Louis again sued for peace, but the allies would not relax their monstrous demands. Marlborough, Eugene, and the Dutch Heinsius all found their own interest in prolonging the war. But with the Bourbon cause apparently at its last gasp in Spain, the appearance there of Vendome revived the spirit of resistance.
Then the death of the emperor, and the succession to his position of his brother, the Spanish claimant, the Archduke Charles, meant that the allies were fighting to make one dominion of the Spanish and German Empires. The steady advance of Marlborough in the Low Countries could not prevent a revulsion of popular sentiment, which brought about his recall and the practical withdrawal from the contest of England, where Bolingbroke and Oxford were now at the head of affairs. Under Villars, success returned to the French standards in Flanders.
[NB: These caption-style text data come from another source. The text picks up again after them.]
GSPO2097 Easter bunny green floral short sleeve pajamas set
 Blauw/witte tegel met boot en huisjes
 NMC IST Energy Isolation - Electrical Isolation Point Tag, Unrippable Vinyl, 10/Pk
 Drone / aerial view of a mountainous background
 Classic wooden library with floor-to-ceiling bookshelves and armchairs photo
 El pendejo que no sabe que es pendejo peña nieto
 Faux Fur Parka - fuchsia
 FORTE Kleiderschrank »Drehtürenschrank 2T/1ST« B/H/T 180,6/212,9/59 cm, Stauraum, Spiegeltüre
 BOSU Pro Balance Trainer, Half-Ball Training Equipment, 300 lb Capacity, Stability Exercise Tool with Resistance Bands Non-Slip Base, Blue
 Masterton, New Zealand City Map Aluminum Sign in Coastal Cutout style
Hence came in 1713 the peace of Utrecht, for the terms of which England was mainly responsible. It was fair and just, but the English ministry received scant justice for making it. The emperor refused at first to accept it; but, when isolated, he agreed to its corollary, the peace of Rastadt. Philip was secured on the throne of Spain.
Never was there a war or a peace in which so many natural expectations were so completely reversed in the outcome. What Louis may have proposed to himself after it was over, no one can say for he died the year after the treaty of Utrecht.
IV.—The Court of the Grand Monarque
The brilliancy and magnificence of the court, as well as the reign of Louis XIV., were such that the least details of his life seem interesting to posterity, just as they excited the curiosity of every court in Europe and of all his contemporaries. Such is the effect of a great reputation. We care more to know what passed in the cabinet and the court of an Augustus than for details of Attila’s and Tamerlane’s conquests.
One of the most curious affairs in this connection is the mystery of the Man with the Iron Mask, who was placed in the Ile Sainte-Marguerite just after Mazarin’s death, was removed to the Bastille in 1690, and died in 1703. His identity has never been revealed. That he was a person of very great consideration is clear from the way in which he was treated; yet no such person disappeared from public life. Those who knew the secret carried it with them to their graves.
Once the man scratched a message on a silver plate, and flung it into the river. A fisherman who picked it up brought it to the governor. Asked if he had read the writing, he said, “No; he could not read himself, and no one else had seen it.” “It is lucky for you that you cannot read,” said the governor. And the man was detained till the truth of his statement had been confirmed.